Interim school president Dr. Malcolm Portera is talking big about trying to save money for the school and the biggest way to do that in his mind is to demote the school’s lone Division I athletic program, the men’s hockey team, down to a club sport. The program is in need of money and a conference to call home. With the way the WCHA and CCHA are blowing up in favor of the Big Ten and the NCHC leaving many schools scrambling to put things back together, the door would appear to be open for UAH to find a home once again.

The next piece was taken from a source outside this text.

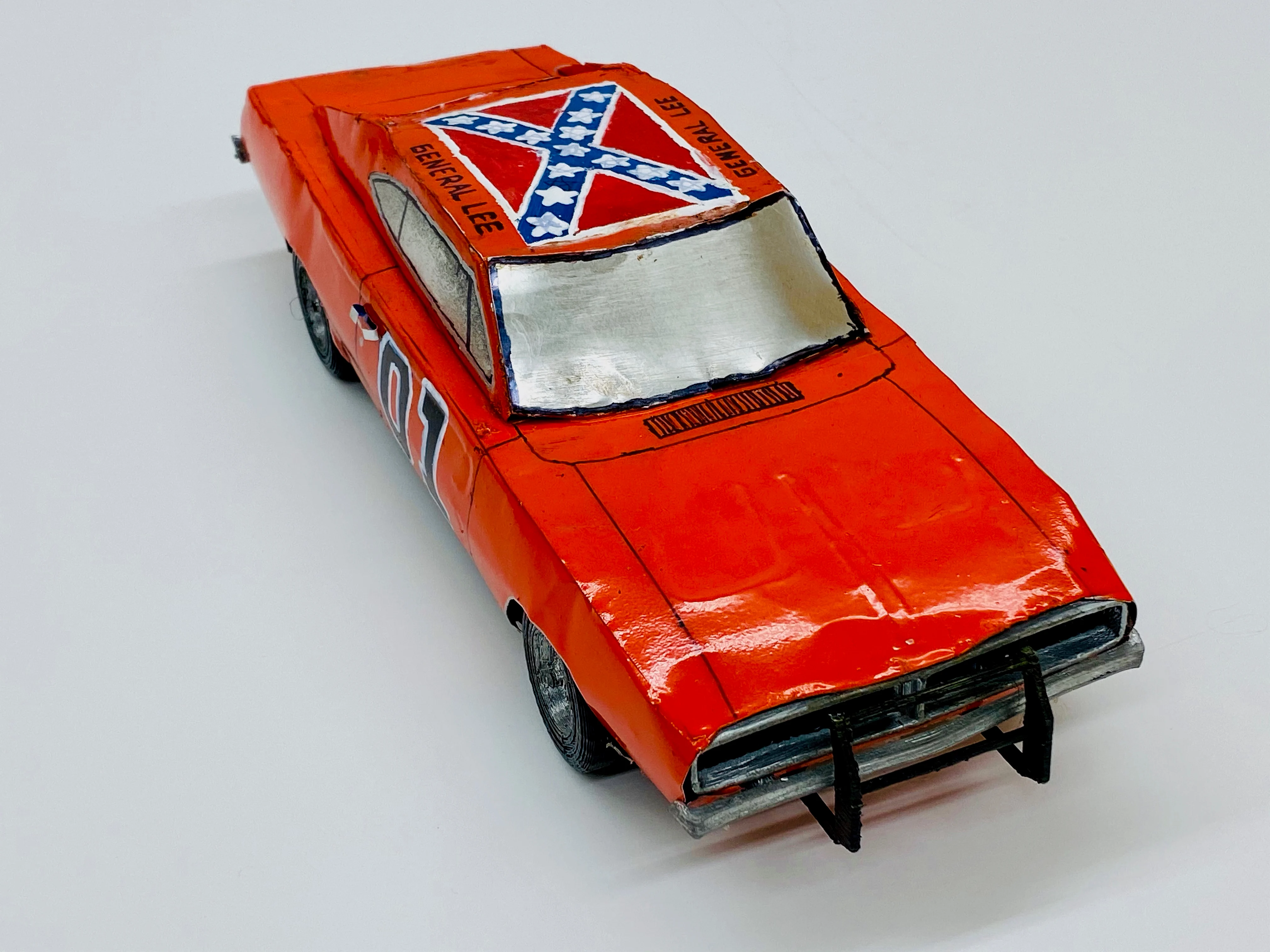 Dodge Charger General Lee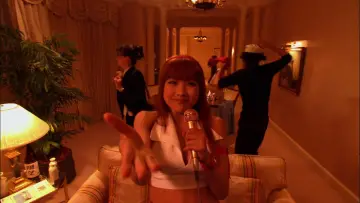 Backdrop to the movie "Cutie Honey" #942538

Even if UAH is able to raise the money to show they’re a viable program in the south and can stick around in Division I, Portera might still decide to cut the program. In a sport where there’s so much in flux between the conferences and with the threat of losing more programs when all the conference divorces are finalized in a couple years, having a program cut out for financial reasons would potentially work as the first domino to fall in college hockey.

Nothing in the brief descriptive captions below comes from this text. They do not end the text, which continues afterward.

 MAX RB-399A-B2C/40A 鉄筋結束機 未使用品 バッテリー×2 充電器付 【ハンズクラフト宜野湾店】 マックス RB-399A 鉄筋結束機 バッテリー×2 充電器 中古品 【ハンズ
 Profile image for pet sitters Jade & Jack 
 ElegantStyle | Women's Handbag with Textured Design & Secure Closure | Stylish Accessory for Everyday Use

The students and fans at UAH, however, are doing their part to try and fight the power. Geof Morris of, a website formed two years ago when the CCHA denied UAH entrance to their conference, is on the case to get the word out. A rally will be held tomorrow to plead with the college administrators to save the program and keep top level college hockey alive in Alabama. Morris is also leading the way for a petition online to help those outside of Alabama to let their voices be heard.

Adding to the voices speaking up for hockey in Alabama, Mark McCarter of The Huntsville Times penned an open letter to Dr. Portera, in it he pleads his case to keep hockey alive in Alabama.

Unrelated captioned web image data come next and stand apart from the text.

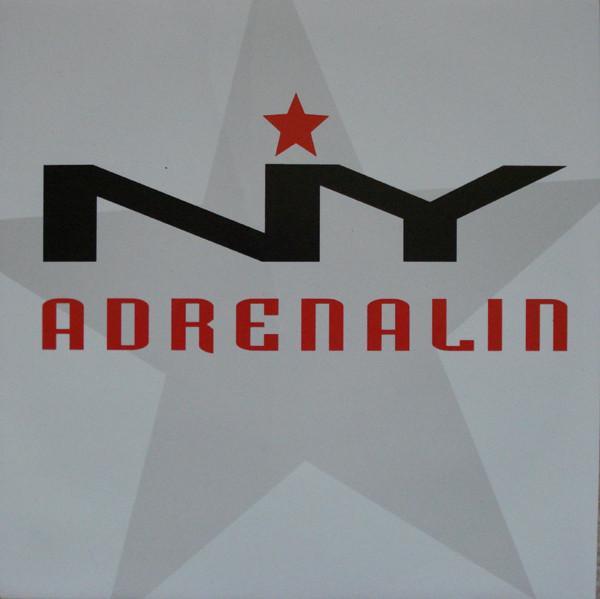 NY  - Adrenalin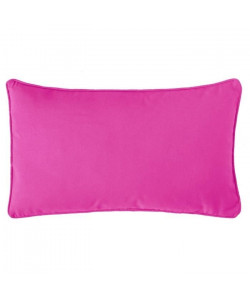 FINLANDEK Coussin uni Kajaani 30 cm fuchsia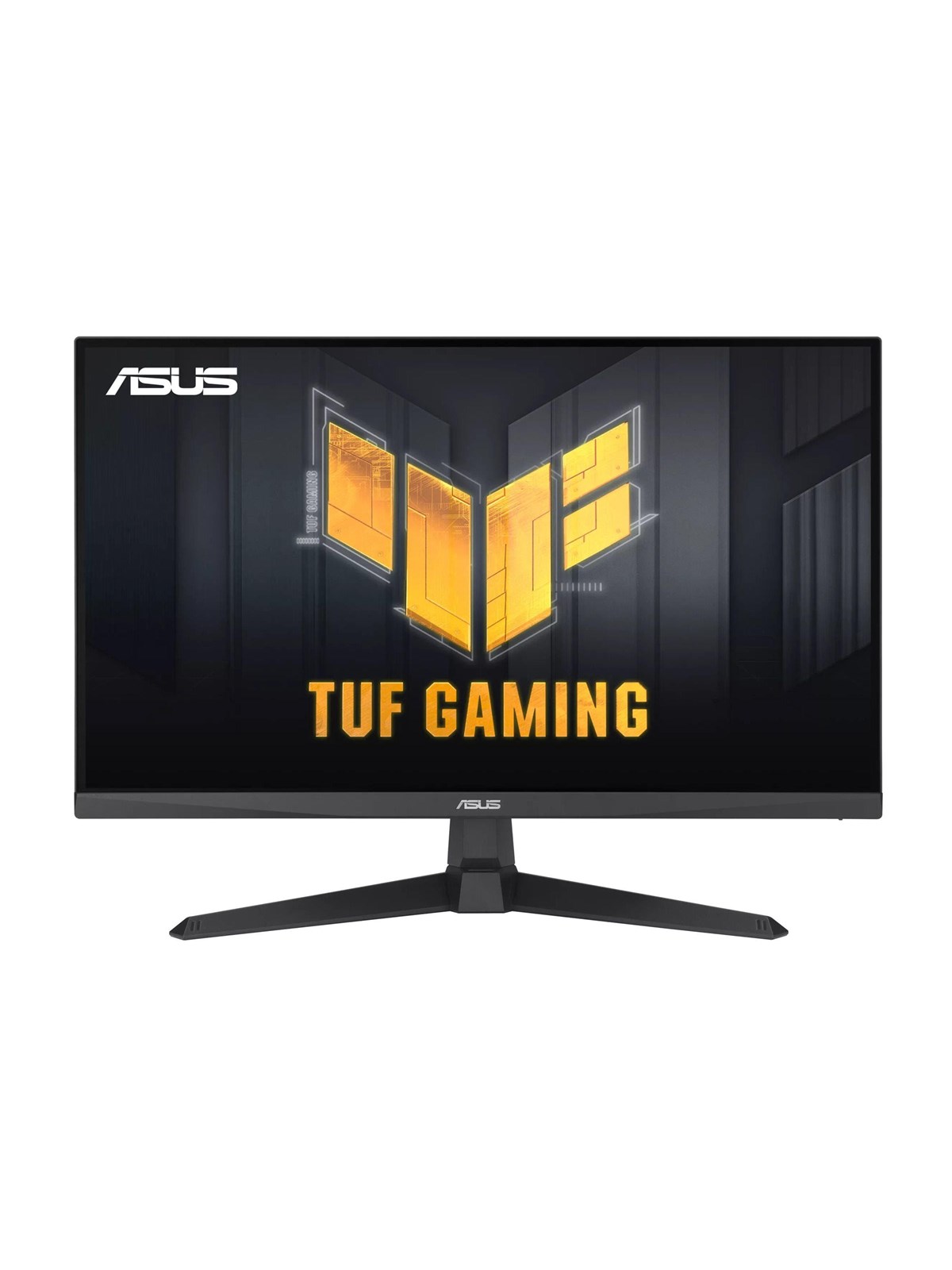 27" ASUS TUF Gaming VG279QE5A - 1920x1080 (FHD) - 146Hz - IPS, Computerskærm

UAH hockey has been kept alive through private funding through the years, and there’s a groundswell of boosters ready with big-time commitments with a lot of zeroes at the end.

Listen to them. Work with them. Give them a price tag.

Give them a chance.

You may look at the bottom line on scholarship money being awarded to hockey players. Look beyond that. That investment is a wash. Those are partial scholarships. If you’re handing out $450,000 in aid, that much or more comes back to UAH as these guys pay out-of-state tuition and other fees to cover the remainder of their cost of attendance.

NCAA hockey is an exclusive club as it is with less than 60 schools participating at the Division I level. Losing a program, any program, hurts the sport on the whole. What started as an ominous possibility for UAH in 2009 when the CCHA denied them entry is coming to a head now with the interim school president talking about moving the program down in importance to a club level team, it’s starting to look like an eventuality.

If college hockey plans on having a larger presence on the college athletics scene and to be viewed as one of the bigger sports, losing programs is the wrong way to go about it. Getting UAH into a conference would be a hell of a bandage to help stop the bleeding in Alabama and while the WCHA is on the hunt to fill out ranks after all their big teams have moved on to greener pastures, they’ve got a great opportunity to help keep college hockey strong once again. Just like when they did the same for Bemidji State when the CHA dissolved two years ago, they can do it all over again by reaching out to a team in desperate need of a new home in UAH.

If that first step can happen, then perhaps the fans in Huntsville can keep their hockey dreams alive as well.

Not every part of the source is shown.